This repo has a complete demonstration of performing experiment tracking using mlflow.

MLflow Tutorial 📊

This guide shows how to use MLflow for experiment tracking.


1. Set Tracking URI

Tell MLflow where to store logs (local folder, remote server, or DB):

import mlflow

mlflow.set_tracking_uri("http://localhost:5000")  # or "file:/path/to/mlruns"

2. Set Experiment

Organize runs under a named experiment:

mlflow.set_experiment("my_experiment")

3. Log Parameters

Record model or training parameters (like hyperparameters):

mlflow.log_params({
    "n_estimators": 100,
    "max_depth": 5,
    "learning_rate": 0.01
})

4. Log Metrics

Track performance metrics (accuracy, loss, etc.):

mlflow.log_metrics({
    "train_accuracy": 0.95,
    "val_accuracy": 0.92,
    "val_loss": 0.08
})

5. Example Run

import mlflow
import mlflow.sklearn
from sklearn.ensemble import RandomForestClassifier
from sklearn.datasets import load_iris
from sklearn.model_selection import train_test_split

X, y = load_iris(return_X_y=True)
X_train, X_test, y_train, y_test = train_test_split(X, y)

with mlflow.start_run():
    clf = RandomForestClassifier(n_estimators=100, max_depth=5)
    clf.fit(X_train, y_train)

    acc = clf.score(X_test, y_test)

    mlflow.log_params({"n_estimators": 100, "max_depth": 5})
    mlflow.log_metrics({"accuracy": acc})
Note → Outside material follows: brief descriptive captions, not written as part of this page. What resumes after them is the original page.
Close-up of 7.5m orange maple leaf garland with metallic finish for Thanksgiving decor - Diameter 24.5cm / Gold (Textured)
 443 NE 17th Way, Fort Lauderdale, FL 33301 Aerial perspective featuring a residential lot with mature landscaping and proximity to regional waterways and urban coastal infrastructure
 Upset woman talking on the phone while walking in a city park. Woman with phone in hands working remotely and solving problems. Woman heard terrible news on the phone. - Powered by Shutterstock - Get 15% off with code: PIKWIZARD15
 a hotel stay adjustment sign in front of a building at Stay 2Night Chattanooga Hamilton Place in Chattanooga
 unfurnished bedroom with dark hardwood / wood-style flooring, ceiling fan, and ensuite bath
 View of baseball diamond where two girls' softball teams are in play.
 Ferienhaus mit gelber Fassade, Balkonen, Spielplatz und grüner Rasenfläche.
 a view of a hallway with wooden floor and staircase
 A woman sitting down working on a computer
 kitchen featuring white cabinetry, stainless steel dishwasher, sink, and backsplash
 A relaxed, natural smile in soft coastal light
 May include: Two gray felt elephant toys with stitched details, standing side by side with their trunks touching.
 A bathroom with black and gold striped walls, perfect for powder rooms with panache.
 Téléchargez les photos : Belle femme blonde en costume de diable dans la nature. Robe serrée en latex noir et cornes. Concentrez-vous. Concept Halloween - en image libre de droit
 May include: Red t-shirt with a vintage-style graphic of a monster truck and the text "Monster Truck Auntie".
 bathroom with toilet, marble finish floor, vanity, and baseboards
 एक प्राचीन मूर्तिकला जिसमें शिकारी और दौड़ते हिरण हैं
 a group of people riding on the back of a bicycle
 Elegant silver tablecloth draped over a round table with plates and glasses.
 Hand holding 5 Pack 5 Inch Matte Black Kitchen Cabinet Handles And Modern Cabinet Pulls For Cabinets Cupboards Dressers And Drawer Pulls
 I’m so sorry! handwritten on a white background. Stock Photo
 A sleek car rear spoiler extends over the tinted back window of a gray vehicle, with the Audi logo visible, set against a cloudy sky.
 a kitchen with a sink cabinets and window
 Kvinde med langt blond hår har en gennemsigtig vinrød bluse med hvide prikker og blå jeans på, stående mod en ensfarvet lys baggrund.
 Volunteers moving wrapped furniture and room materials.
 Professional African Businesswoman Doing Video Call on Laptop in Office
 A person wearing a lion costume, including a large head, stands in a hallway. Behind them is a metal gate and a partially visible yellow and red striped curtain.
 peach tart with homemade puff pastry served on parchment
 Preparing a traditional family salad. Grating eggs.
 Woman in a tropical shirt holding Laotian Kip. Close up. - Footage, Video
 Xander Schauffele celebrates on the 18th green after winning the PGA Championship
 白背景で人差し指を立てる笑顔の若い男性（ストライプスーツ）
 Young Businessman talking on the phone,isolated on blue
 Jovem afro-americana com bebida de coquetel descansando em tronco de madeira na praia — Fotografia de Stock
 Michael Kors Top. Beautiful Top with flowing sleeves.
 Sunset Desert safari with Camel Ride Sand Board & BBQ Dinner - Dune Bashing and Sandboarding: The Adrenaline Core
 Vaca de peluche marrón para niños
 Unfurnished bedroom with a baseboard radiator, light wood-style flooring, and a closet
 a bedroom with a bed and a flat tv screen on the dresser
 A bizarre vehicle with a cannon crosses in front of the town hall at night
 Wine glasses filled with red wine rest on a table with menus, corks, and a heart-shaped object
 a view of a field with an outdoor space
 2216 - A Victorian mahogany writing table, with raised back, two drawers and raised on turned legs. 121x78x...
    mlflow.sklearn.log_model(clf, "model")

6. Summary

  • mlflow.set_tracking_uri() → choose where logs are stored
  • mlflow.set_experiment() → group runs under an experiment name
  • mlflow.log_params() → record hyperparameters/config values
  • mlflow.log_metrics() → record performance metrics

7. Example of Autolog()

import mlflow import mlflow.sklearn from sklearn.datasets import load_iris from sklearn.model_selection import train_test_split from sklearn.ensemble import RandomForestClassifier

Enable autologging

mlflow.sklearn.autolog()

X, y = load_iris(return_X_y=True) X_train, X_test, y_train, y_test = train_test_split(X, y)

with mlflow.start_run(): clf = RandomForestClassifier(n_estimators=100, max_depth=5) clf.fit(X_train, y_train) ###🔎 Explanation mlflow.sklearn.autolog() automatically logs:

Model parameters (like n_estimators, max_depth)

Training metrics (accuracy, loss, etc.)

Model artifacts (serialized model files)

Saves time and reduces boilerplate code.

Works across multiple ML libraries with their respective mlflow..autolog() calls.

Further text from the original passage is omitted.